By Hideyuki Sano
TOKYO (Reuters) - Asian shares looked set to struggle on Tuesday to defend the three-year trough hit last month as investors sought more signs of stability in China's slowing economy and volatile financial markets.
MSCI's broadest index of Asia-Pacific shares outside Japan <.MIAPJ0000PUS> on Monday closed near the three-year low hit two weeks ago. In Japan, stock futures suggest Japan's Nikkei (.N225) is likely to post slim gains.
Chinese shares (.SSEC) fell on Monday after a long weekend with tighter futures trading rules and supportive comments by China's central bank governor failing to stem selling pressure.

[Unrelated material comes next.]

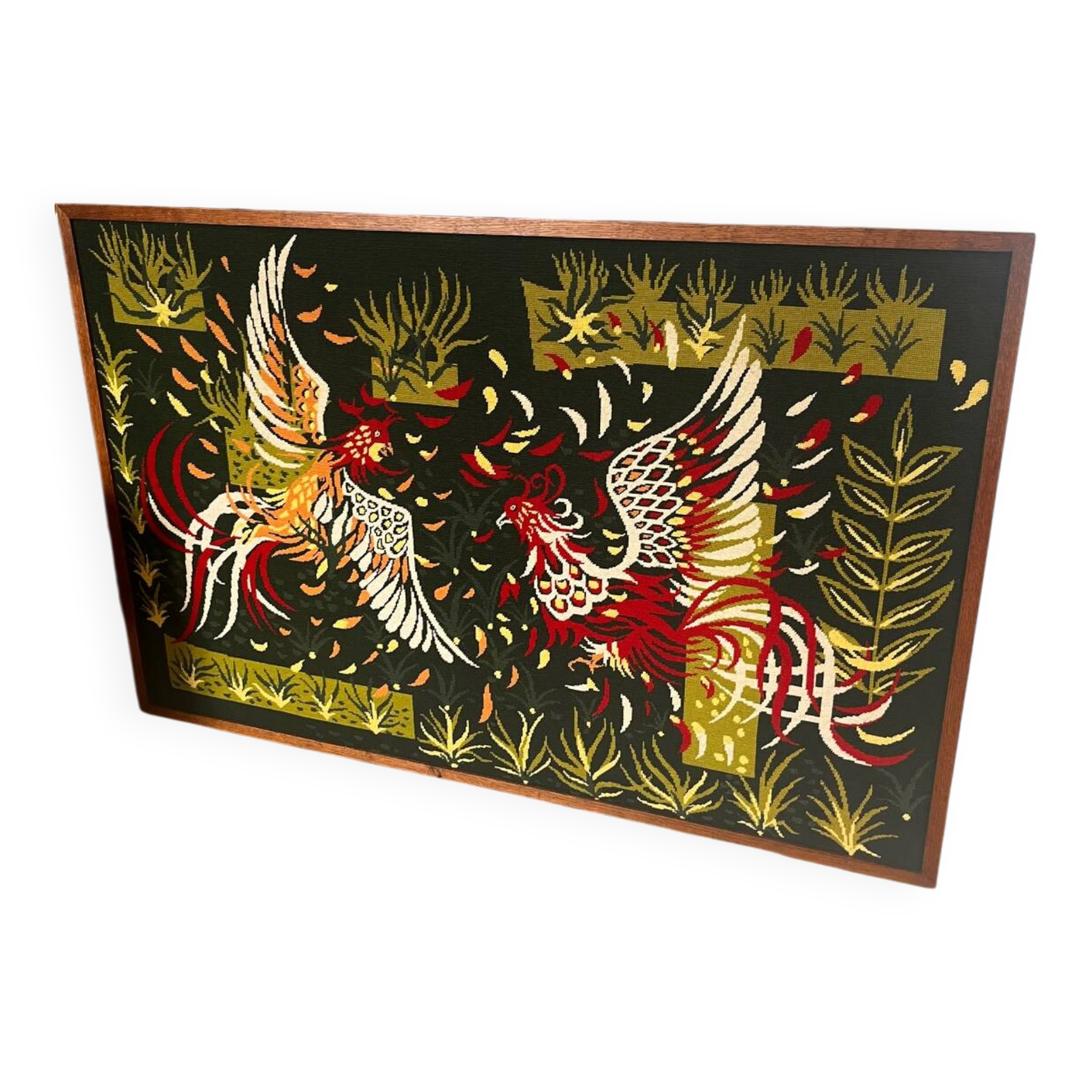 Large Aubusson wool tapestry – “Fighting Cocks” – 140 × 80 cm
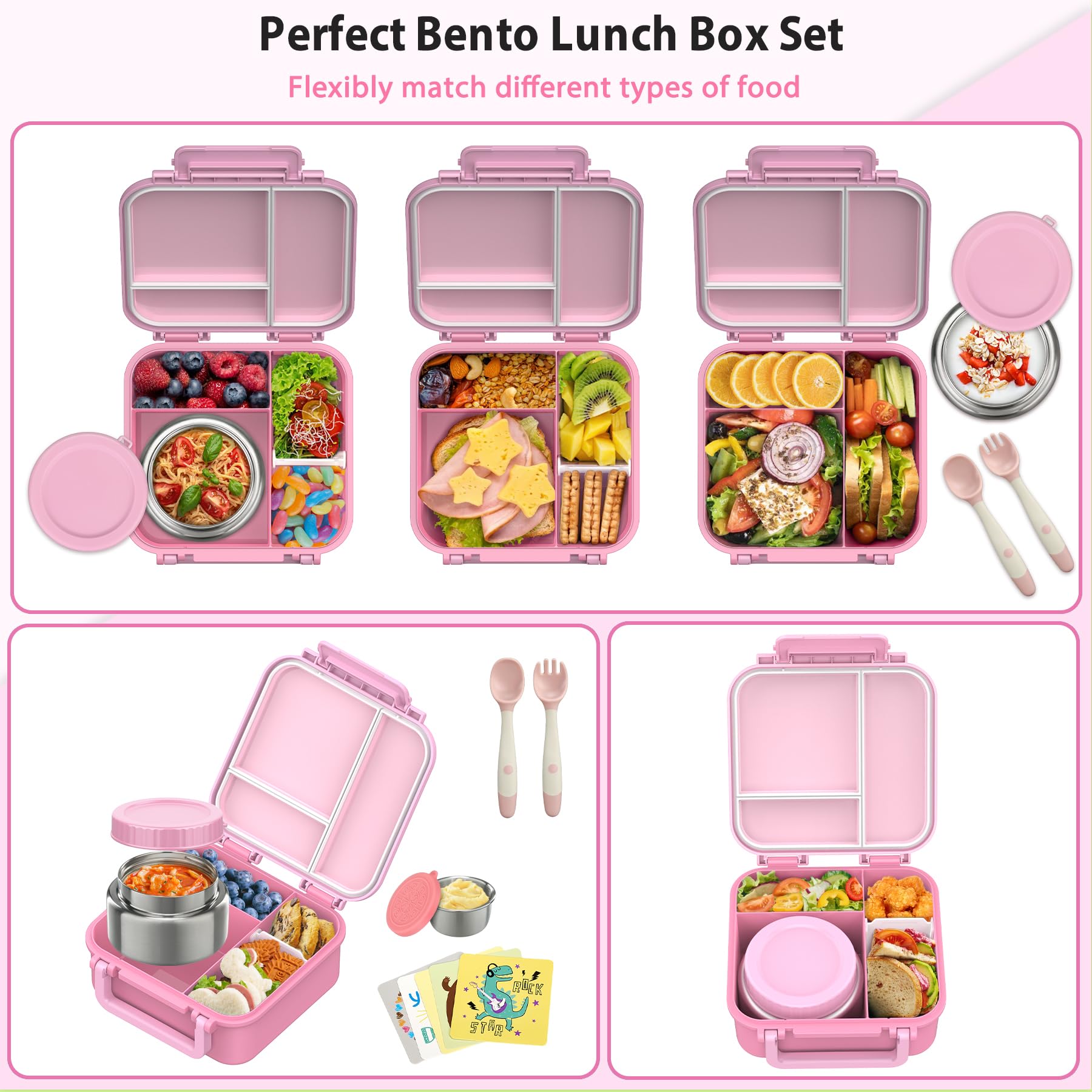 Kids Bento Lunch Box with 9oz Soup Thermo Leakproof Lunch Food Containers 4 Compartment with Insulated Hot Food Jar for Kid Toddler Girls Boys to School Trvael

Also highlighting the sheer size of Beijing's market intervention to halt a slide in the yuan, China's foreign exchange reserves posted their biggest monthly fall on record, $94 billion, in August, data showed on Monday.
"The fall was larger than market expectations... Coupled with other data, it shows that the Chinese authorities have been intervening to support the yuan as capital outflow continues," said Shin Kadota, chief FX strategist at Barclays in Tokyo.
Tuesday will see China's trade data, which is expected to show slowdown in both imports and exports.
Many Asian and emerging economy currencies faced pressure also as Friday's U.S. employment data did not erase the possibility that the U.S. Federal Reserve will raise interest rates later this year.
Malaysia's ringgit (MYR=) plumbed 17-year low and even the South Korean won (KRW=KFTC) weakened to four-year lows.
With U.S. financial markets shut for holiday on Monday, the dollar moved little against major currencies.
The dollar index stood at 96.166 (=USD), little changed from late last week.
Oil prices fell more than 3 percent on Monday, as fall in Chinese share prices and record North Sea crude production data that added to global supply concerns.
Brent crude futures (LCOc1) fell 3.7 percent to $47.76 per barrel, falling below the 50 percent retracement of their rally late August to $54.32 from 1/2-year low of $42.23.